"You guys remember what the G chord is, right?" asks Anna Oxygen, while eight fifth- and sixth-grade girls look down at their keyboards. She draws a quick diagram on the small whiteboard at the front of the room, and then helps one girl with pink streaks in her hair find a bass line to accompany the drum machine, clapping along with the beat.
"After we set the bass, feel free to just come in with whatever you'd like," Oxygen offers, and one by one the girls take turns layering on their own collection of notes using a simple chord structure. And just like that, a song is born.
This isn't an afternoon at your average summer school, it's Loop Girls, a two-week workshop offered at Northwest Film Forum and taught by the city's most popular Loop Girl herself, Anna Oxygen (with the illustrious Mirah also on hand to assist). The students, however, are completely oblivious to the fame that surrounds them; they just want to write twee pop songs about ice cream.
Over the short run of the class (it started August 8 and will end August 19), the eight girls enrolled split into three bands; write original songs using a drum machine, keyboards, and samplers; record those songs; and create an accompanying music video.
For inspiration they watch live music performances and listen to bands like Le Tigre. During one song, Mirah points out that the track, although fantastic, is also exceedingly simple, with the same drumbeat and a three-note keyboard part looped throughout; nothing these 12-year-olds can't handle. In fact, during my visit, the class performs a cute, original group jam called "Mystery Girl," a song with a simple C-G-D chord structure and the phrases "Mystery girl!" and "Where does she come from?" looped and experimented on through the sampler. The result is rough around the edges and the bass line struggles to keep up with the drum machine, but with a little more polish, it could easily be a quirky K Records B-side.

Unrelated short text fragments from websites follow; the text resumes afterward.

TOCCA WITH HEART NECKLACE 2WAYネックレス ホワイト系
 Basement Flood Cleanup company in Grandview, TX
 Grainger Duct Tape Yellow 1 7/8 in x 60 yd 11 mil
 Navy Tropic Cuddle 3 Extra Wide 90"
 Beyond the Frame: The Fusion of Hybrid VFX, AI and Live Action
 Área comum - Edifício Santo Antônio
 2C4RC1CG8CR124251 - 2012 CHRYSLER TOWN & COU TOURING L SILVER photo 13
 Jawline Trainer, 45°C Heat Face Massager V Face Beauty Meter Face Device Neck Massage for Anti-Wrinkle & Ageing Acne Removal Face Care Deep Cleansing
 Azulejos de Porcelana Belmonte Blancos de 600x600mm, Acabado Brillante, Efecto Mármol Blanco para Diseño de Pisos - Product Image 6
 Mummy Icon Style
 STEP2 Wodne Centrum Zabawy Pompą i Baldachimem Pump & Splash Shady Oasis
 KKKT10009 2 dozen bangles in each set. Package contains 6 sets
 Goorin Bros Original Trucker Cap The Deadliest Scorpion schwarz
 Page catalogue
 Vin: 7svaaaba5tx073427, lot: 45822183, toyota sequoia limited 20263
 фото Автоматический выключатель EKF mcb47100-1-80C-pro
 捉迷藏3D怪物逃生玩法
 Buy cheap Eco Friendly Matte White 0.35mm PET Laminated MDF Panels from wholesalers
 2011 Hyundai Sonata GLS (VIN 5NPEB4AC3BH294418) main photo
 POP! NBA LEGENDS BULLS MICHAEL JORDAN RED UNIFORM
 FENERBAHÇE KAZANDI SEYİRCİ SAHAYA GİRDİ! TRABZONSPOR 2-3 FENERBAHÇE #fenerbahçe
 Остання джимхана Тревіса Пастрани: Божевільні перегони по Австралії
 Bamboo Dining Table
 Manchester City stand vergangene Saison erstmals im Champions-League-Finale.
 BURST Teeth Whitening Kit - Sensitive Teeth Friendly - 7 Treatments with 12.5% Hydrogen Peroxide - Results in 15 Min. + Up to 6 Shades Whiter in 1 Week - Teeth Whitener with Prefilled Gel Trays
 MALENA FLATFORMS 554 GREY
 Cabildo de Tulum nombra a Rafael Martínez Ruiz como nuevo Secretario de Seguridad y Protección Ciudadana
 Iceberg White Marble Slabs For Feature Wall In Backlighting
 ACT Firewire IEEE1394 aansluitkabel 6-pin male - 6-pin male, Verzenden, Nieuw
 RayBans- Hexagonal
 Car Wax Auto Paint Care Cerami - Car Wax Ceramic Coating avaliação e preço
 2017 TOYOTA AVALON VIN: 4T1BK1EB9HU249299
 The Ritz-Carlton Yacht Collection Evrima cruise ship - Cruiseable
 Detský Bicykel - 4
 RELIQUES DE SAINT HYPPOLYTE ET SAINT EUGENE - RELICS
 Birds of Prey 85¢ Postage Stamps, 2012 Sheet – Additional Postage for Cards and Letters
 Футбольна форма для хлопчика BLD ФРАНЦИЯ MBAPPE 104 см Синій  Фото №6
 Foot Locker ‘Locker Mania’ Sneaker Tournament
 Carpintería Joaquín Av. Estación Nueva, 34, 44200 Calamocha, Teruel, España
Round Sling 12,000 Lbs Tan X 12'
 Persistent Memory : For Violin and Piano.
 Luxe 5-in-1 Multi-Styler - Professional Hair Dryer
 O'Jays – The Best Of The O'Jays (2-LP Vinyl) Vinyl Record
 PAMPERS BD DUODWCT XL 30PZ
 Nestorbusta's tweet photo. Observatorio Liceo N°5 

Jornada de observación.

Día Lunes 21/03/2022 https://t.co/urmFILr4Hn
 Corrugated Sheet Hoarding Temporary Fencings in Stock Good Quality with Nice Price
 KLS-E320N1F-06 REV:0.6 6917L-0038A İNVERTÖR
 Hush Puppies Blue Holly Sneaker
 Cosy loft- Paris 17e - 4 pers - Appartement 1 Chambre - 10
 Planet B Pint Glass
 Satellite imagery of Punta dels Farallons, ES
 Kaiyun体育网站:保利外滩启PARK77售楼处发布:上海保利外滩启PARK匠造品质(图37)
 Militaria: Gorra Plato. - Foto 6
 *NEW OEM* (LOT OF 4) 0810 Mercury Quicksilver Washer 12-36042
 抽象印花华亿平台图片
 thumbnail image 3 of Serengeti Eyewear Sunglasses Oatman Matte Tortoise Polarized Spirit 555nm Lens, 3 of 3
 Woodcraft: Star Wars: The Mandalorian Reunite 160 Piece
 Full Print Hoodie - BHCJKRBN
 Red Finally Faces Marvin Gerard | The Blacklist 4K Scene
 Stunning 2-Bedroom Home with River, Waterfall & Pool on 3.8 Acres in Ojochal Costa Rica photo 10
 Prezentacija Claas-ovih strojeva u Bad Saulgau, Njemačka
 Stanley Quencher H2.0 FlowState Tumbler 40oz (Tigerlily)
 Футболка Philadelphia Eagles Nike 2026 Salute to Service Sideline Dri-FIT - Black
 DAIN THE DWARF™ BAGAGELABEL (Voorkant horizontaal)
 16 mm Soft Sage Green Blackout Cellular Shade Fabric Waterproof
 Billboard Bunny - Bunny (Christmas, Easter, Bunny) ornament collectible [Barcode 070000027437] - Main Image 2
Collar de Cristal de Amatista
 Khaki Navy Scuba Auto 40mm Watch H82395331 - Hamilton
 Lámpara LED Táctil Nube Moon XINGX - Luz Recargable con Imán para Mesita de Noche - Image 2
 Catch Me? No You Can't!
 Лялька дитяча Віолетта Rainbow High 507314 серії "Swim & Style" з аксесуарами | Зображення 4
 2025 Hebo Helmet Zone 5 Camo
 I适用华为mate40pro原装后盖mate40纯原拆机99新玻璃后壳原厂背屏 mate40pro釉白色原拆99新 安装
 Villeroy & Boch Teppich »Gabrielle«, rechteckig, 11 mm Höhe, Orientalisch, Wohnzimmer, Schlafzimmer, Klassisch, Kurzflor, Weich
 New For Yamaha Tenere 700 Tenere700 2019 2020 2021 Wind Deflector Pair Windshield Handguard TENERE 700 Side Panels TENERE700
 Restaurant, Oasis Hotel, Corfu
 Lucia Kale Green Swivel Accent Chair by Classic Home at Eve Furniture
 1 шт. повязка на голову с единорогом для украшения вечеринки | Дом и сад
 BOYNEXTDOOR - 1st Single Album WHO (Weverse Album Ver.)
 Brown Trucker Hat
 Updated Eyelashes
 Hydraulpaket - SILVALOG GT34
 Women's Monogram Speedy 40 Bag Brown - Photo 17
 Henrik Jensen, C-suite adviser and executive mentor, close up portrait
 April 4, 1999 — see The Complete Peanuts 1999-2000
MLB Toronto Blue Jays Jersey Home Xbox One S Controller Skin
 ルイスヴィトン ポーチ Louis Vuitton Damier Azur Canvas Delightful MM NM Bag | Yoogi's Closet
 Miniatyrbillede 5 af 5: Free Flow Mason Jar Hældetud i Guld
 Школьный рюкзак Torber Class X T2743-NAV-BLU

Ultimately, though, the class is more about being creative and having fun than the actual caliber of musical output. Anna and Mirah fill the room with constant praise and creativity, which allows the girls to feel completely comfortable to share their ideas.
After a quick history lesson, and a few more minutes of experimenting with the keyboards, it's snack time. While they munch on muffins and fresh fruit, I ask a few of the girls if they're enjoying the experience of group songwriting and video making. They giddily jump up and down and clap their hands together, answering, "Yes! So much fun," before launching into "Mystery Girl" again. Who knows, with this kind of enthusiasm, the song could very well be a hit.